BEGIN PROVIDED MATERIAL

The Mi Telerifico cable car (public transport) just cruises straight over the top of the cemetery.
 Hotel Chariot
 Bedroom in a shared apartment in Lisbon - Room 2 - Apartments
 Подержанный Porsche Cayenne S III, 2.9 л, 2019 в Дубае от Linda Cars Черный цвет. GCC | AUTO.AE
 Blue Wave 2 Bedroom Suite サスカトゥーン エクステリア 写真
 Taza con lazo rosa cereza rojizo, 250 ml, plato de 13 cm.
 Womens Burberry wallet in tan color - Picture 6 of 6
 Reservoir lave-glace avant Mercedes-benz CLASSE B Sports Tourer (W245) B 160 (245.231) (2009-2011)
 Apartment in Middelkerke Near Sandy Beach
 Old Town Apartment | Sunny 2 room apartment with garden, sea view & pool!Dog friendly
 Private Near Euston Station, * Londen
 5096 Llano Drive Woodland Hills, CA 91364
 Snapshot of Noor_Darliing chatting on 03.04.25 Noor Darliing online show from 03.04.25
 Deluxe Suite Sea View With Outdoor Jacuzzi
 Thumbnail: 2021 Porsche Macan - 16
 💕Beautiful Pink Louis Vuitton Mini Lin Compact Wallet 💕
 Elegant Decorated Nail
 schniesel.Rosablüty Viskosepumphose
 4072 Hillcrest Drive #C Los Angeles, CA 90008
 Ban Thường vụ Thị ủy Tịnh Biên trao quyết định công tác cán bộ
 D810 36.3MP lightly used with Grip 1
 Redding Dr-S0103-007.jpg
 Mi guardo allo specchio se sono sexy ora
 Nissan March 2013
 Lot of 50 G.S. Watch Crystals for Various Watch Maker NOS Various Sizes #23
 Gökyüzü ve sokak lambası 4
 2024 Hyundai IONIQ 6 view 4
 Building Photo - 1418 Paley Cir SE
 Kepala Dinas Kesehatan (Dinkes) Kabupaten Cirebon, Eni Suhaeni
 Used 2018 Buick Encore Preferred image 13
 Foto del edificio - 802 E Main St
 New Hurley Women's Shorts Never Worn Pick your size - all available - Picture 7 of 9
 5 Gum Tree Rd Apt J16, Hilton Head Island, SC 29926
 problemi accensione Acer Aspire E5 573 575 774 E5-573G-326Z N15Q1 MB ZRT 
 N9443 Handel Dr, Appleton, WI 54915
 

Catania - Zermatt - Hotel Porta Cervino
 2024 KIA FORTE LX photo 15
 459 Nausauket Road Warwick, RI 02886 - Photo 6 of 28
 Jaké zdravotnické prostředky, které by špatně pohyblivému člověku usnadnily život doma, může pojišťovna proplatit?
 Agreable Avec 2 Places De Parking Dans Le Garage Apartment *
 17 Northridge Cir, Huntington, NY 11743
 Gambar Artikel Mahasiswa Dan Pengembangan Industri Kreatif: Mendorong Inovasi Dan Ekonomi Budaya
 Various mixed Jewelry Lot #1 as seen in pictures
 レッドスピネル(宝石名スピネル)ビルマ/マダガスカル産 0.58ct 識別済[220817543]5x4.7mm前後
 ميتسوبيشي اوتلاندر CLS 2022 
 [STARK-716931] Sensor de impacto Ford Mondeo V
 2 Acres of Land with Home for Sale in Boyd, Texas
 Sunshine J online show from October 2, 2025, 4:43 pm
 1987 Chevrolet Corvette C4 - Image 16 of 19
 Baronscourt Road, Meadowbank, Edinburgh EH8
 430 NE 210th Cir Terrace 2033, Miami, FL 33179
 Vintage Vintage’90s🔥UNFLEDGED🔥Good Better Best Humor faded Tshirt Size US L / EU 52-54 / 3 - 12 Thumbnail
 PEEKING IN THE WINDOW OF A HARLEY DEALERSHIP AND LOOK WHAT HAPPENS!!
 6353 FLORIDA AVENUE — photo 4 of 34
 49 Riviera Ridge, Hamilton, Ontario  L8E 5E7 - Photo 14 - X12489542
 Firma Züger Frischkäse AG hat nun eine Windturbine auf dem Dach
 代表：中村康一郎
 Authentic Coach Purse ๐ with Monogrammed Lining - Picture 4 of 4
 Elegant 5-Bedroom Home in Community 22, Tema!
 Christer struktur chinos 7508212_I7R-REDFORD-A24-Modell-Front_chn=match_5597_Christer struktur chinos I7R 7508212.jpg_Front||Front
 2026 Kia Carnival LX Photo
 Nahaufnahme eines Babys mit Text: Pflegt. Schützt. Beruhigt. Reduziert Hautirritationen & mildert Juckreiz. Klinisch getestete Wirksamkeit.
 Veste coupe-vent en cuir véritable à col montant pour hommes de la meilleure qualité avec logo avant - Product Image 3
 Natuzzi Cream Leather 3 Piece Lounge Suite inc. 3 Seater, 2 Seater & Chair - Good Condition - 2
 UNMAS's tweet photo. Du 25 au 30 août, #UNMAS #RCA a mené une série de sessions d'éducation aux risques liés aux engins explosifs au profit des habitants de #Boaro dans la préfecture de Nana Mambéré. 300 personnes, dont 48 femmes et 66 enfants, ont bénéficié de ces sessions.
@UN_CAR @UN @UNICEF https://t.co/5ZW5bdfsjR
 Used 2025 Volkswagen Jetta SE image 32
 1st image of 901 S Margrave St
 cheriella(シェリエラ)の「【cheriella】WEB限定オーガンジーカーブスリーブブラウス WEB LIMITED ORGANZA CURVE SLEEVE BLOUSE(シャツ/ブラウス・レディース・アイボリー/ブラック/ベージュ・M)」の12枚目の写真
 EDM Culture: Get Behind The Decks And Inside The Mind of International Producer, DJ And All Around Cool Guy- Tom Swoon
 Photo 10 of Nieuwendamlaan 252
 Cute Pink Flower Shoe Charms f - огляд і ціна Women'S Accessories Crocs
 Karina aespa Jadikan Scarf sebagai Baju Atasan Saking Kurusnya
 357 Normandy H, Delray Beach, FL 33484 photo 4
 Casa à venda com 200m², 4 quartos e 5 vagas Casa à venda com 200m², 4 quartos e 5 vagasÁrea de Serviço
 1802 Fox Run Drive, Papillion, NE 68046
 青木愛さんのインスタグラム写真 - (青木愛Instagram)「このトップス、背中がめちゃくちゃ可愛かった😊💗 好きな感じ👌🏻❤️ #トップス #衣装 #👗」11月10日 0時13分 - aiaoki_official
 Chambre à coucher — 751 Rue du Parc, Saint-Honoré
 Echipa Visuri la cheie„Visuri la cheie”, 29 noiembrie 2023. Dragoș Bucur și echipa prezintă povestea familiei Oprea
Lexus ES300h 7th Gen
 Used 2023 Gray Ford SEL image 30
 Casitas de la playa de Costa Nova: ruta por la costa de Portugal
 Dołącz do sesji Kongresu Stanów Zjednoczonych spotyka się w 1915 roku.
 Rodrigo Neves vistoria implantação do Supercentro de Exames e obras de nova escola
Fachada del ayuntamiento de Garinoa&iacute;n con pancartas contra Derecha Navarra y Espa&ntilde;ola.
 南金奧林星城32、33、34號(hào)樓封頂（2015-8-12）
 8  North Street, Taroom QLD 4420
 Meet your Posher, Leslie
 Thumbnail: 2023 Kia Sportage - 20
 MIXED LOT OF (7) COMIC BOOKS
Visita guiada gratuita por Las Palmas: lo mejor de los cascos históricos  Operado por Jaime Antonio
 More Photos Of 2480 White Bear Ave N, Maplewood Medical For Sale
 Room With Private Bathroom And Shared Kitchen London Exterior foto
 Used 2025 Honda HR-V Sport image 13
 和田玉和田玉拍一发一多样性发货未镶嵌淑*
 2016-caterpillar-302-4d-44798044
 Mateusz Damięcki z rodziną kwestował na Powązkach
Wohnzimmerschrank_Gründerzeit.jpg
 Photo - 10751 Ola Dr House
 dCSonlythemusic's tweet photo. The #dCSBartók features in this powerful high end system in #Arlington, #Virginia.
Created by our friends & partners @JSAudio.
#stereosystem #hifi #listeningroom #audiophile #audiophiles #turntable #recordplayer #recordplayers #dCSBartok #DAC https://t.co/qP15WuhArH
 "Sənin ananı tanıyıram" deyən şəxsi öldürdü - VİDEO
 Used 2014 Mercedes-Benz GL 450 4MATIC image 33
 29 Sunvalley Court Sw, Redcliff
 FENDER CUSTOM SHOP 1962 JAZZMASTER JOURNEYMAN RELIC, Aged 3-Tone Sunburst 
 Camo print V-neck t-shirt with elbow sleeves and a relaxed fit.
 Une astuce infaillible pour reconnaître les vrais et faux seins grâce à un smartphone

END PROVIDED MATERIAL

_REQUIRED ACTION_: For this exercise, please output exactly the lines above starting at the line with "Firma Züger Frischkäse" and ending at the line with "chinos I7R 7508212.jpg_Front||Front", ends included.

_ANSWER BOX_:
 Firma Züger Frischkäse AG hat nun eine Windturbine auf dem Dach
 代表：中村康一郎
 Authentic Coach Purse ๐ with Monogrammed Lining - Picture 4 of 4
 Elegant 5-Bedroom Home in Community 22, Tema!
 Christer struktur chinos 7508212_I7R-REDFORD-A24-Modell-Front_chn=match_5597_Christer struktur chinos I7R 7508212.jpg_Front||Front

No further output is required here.